Every codebase has a shape. Past a handful of repos, that shape lives only in someone's head, and they are usually busy or already gone. index draws it for you: how your repositories depend on each other, and the docs that explain why, as one map you can open. Built from evidence, not guesses. Zero dependencies.

license: fair source python version CI deps: none

Point index at a folder of Git repositories and it answers the question that gets harder with every repo you add. How does all of this actually fit together? It reads the dependencies the way your code already states them, an import in one file, a manifest line in another, and it records each edge with the file and line that proves it. Then index atlas does the part most tools skip. It pulls your markdown into the same picture, the READMEs, the ADRs, the design notes, so the explanation finally sits next to the thing it explains. What comes back is a single HTML file. No server, no build step, no account. Nothing to install but Python.


Why

A program's structure is knowledge, and knowledge that lives in one person's memory is fragile. People take holidays. They switch teams. They leave. The next person rebuilds the map by grepping around, and gets it a little wrong. Meanwhile the documents that hold the reasons, why this service exists, why that dependency is allowed, sit in folders nobody opens, cut off from the code they describe.

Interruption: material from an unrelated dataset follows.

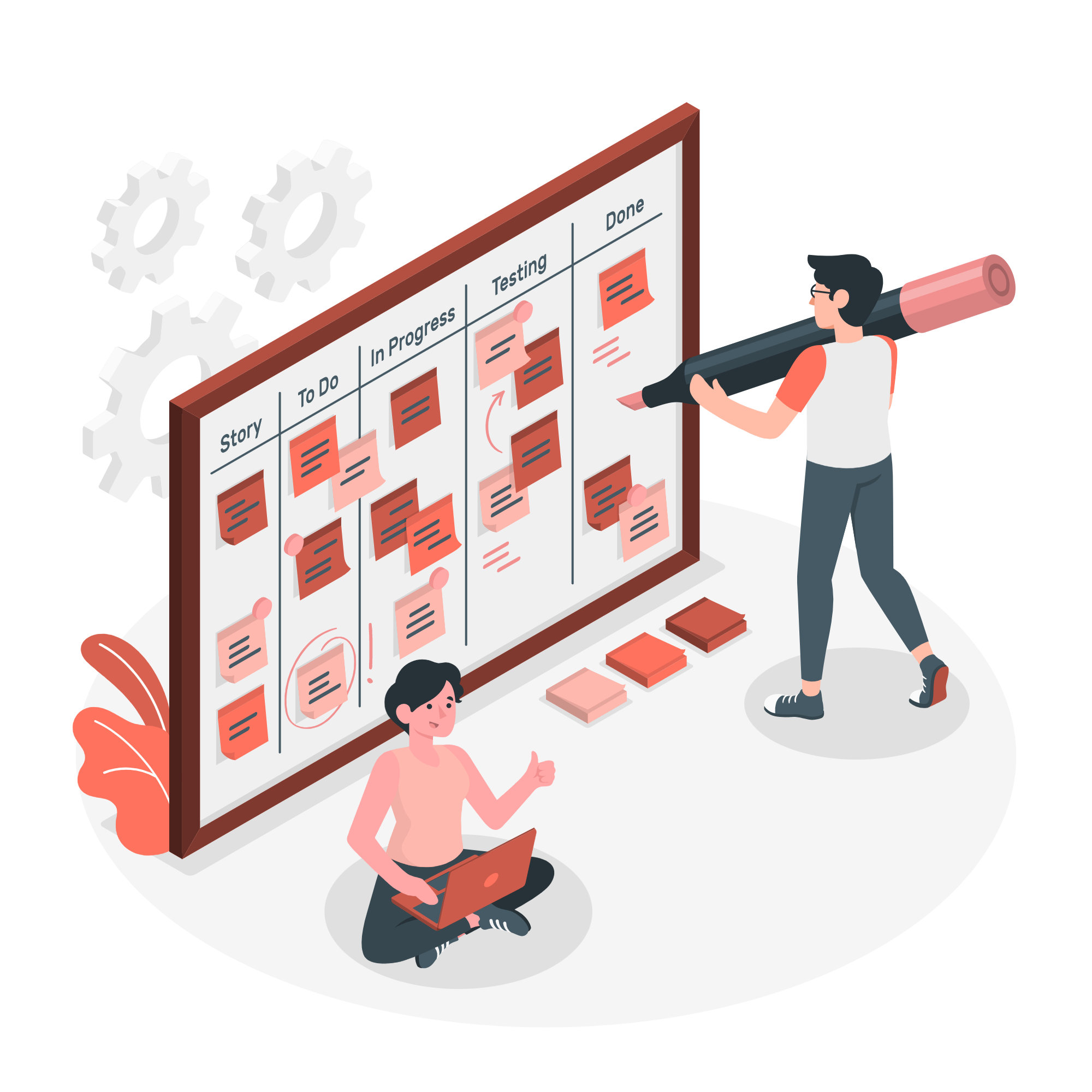 Agile Testing 2 Agile Testing 2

index turns that map into something you can hold. It is deterministic, it regenerates on demand, and it is honest about where every line came from. People tend to reach for it in a few situations.

  • You inherited a workspace you didn't write. Twenty repos, no diagram, the author long gone. One command gives you something to read on your first day.
  • You run a monorepo, or a product spread across many repos. You want the dependency lanes at a glance, a cycle caught before it bites, and the doc for a service without digging through ten folders to find it.
  • You maintain a lot of open source. The repos and the docs that explain them, kept as one map that regenerates the same way every time, so it never quietly drifts from the truth.
  • You're writing onboarding. Hand someone a file that works offline, forever, and explains itself.

30-second quickstart

pip install index-graph

# the two-layer code and knowledge map (the headline):
index atlas --root /path/to/your/workspace --format html --out atlas.html
open atlas.html        # macOS and Linux, or: start atlas.html on Windows

# or just the repo dependency graph:
index viz --root /path/to/your/workspace --format html --out graph.html

Each command writes one HTML file. Open it in any browser, offline. Nothing to host, and nothing phones home.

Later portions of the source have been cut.